What to do:
Write out exactly the lines between the line containing "2021 Honda Odyssey Touring 3" and the end of the records, counting both ends, and leave out all pictures.

Information:
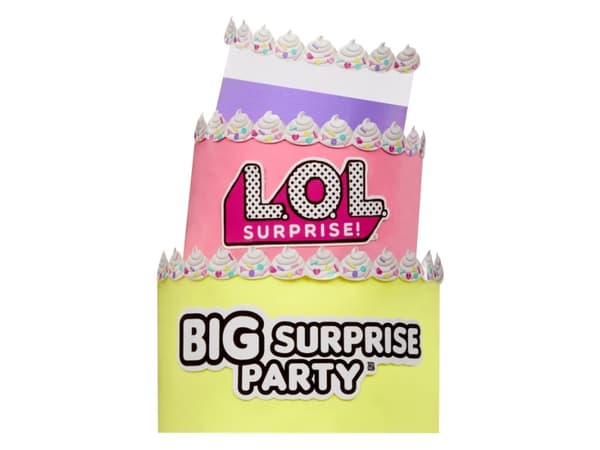 L.O.L. New Big Surprise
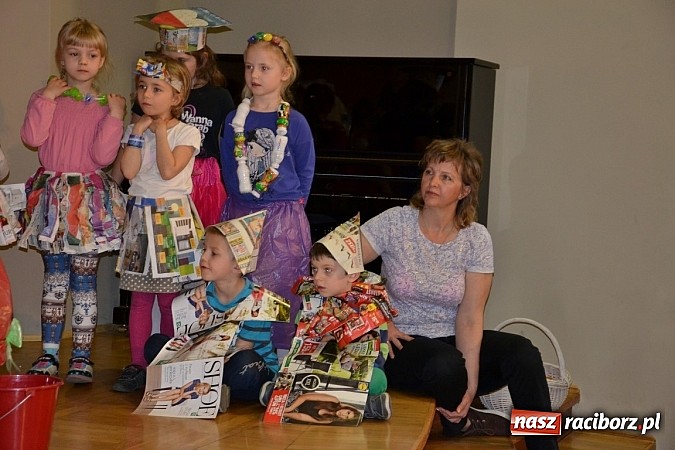 Zdjęcie w galerii na portalu naszraciborz.pl: XXIII  Międzynarodowy Przegląd Teatrzyków Przedszkolnych zakończony  wiadomości z regionu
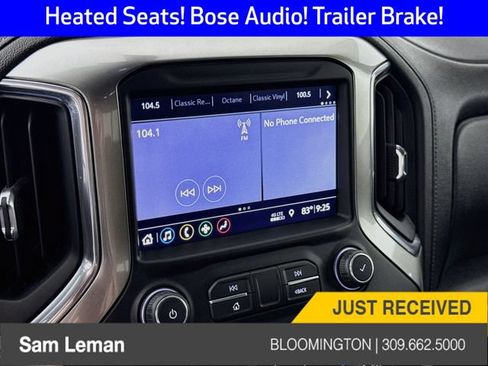 Used 2019 Chevrolet Silverado 1500 RST w/ All-Star Edition AWD/4WD image 14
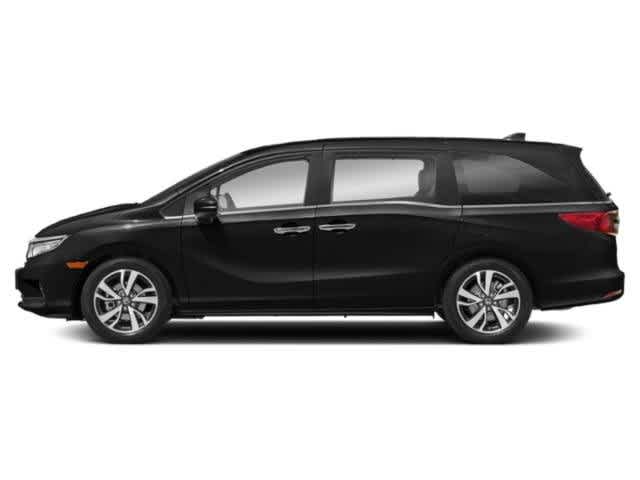 2021 Honda Odyssey Touring 3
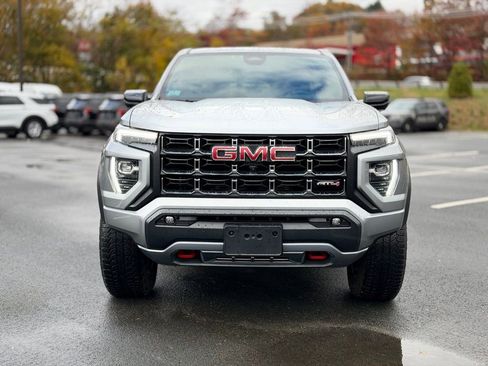 Used 2023 GMC Canyon AT4 w/ AT4 Premium Package image 9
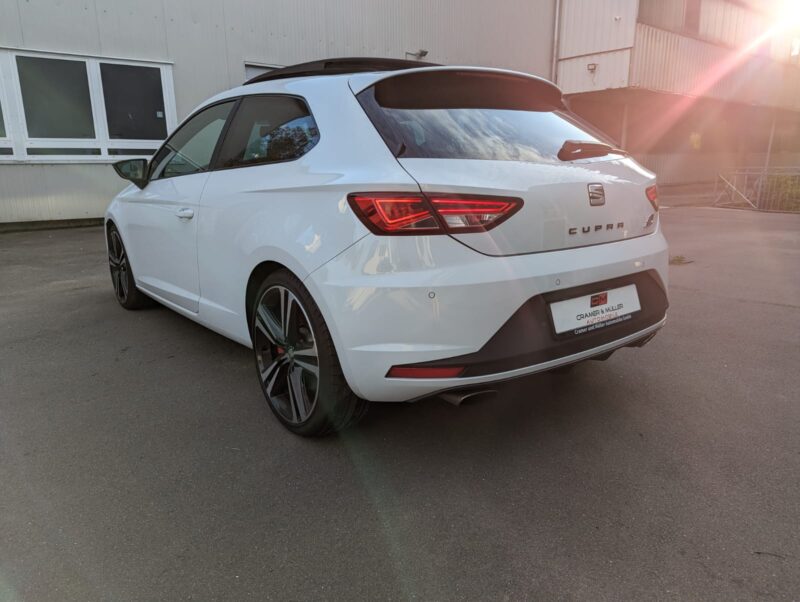 Seat Leon Cupra sc 280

Response to this task:
 2021 Honda Odyssey Touring 3
 Used 2023 GMC Canyon AT4 w/ AT4 Premium Package image 9
 Seat Leon Cupra sc 280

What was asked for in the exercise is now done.